Всё хорошо, всем хорошо, всем слишком хорошо! Несмотря на общее несовершенство! Новое не может пробить себе дорогу! Перехожу на твою позицию, Ма: даём пинка большим астероидом – и всю эту гниль подчистую.
Согласилась!! Отводим на это триста миллионов оборотов.
Сейчас, когда все континенты опять съехались в один, начнём с резкого движения плит. Из ядра пойдёт больше тепла и углерода – озон уменьшится, излучение ускорит мутации. Новое расселяется и континенты разъезжаются уже с новым населением. В разных условиях получатся разные виды.
Рептилии! Громилы пошли!

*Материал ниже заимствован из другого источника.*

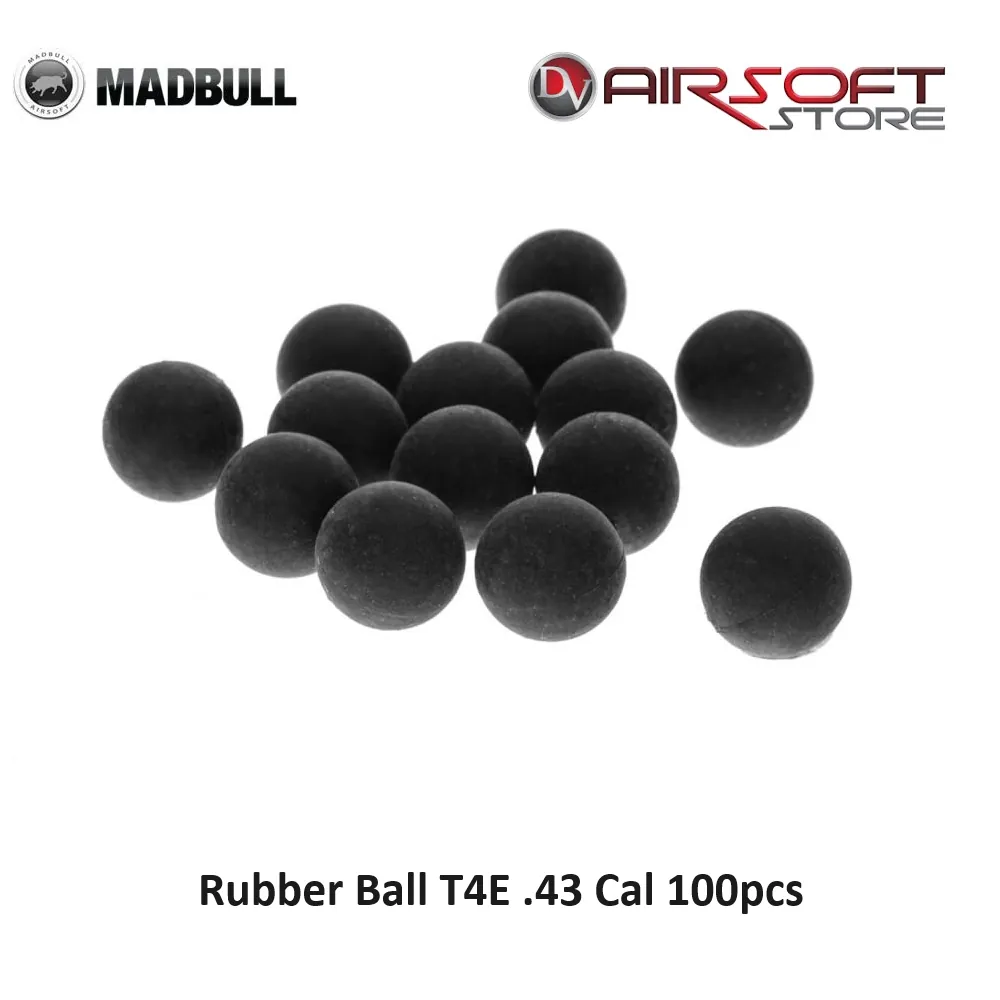 [2100000077175] Rubber Ball T4E .43 Cal 100pcs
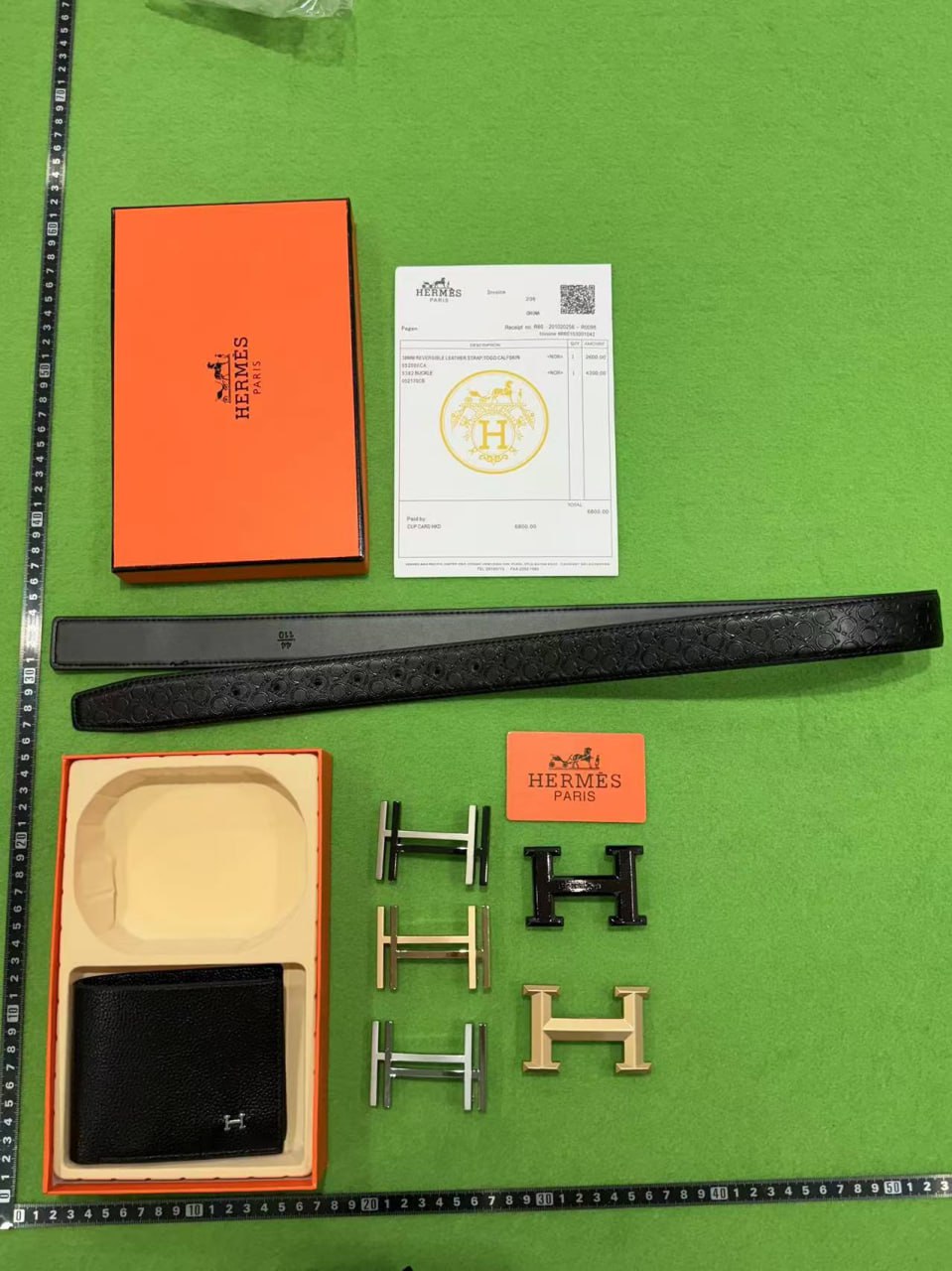 Hermes belt wallet gift box -2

Ох, я не уверена.
Млекопитающие! Я ей показываю: «Хорошенькие какие». А она вдруг: «Воли этим хорошеньким не давай. И себе тоже. Не привязывайся. Помни, ты повитуха, ничего больше. Континенты заранее уводи, если метеоритом решишь поработать, побереги хорошеньких, пора сохранять лучшее. Кислород возвращай к норме. Арифья, не нагревайся».
Ма расстроена. В буквальном смысле: стала вещать из трёх локализаций. Ей очень нравились троглодитозавры. А тут облом. «Ма, ты ведь говорила, что тебе каждый чих опекать некогда, вот я чихнула – а ты не доверяешь» – говорю. Она сначала тоже шутливо: да как же это я тебе не доверяю-то, всё тебе передала, только по пути и заскакиваю. «Ну, хорошо, тут всё идет по плану». Она тихо-тихо так: «Согласись, что у нас здесь не детский парк развлечений Арифьи-о-Гериты, а?..» И ждет, паузу держит. Время идёт, вот уже опять гигантизм пошёл, и уже сами вымерли очередные великаны, без присмотра-то! Вот, думаю: смотри Ма, смотри, и без моего вмешательства вымерли, а млекопитающие опять в воду стали возвращаться! Она про свое: «Имени тебя, если захочешь, мы где-нибудь в другом месте парк назовём, хорошо? Учтя твои огромные заслуги…» И всё, пошел напряг, если не скажу «да», то будет паузу держать до посинения. Причем моего. Отвечаю: «Ес-с-стес-ственна-а-а». Она: «Раз естественна, тогда, наверное, правила, какие были здесь мною задуманы, не самые удачные, может, не самые умные, но мои, они всё же остаются, а? Да-а-а? Или нет?» Отвечаю сразу: «Да!». «Тогда, – тянет, но уже громковато, – зачем же ты, слова не сказав, самых крупненьких-то извела? Практически готовых! А? Не такие они вышли нежные, как тебе хотелось бы? А разве ты имела право, не посоветовавшись со мной? А? Да ещё зная, что я вижу в них перспективу?»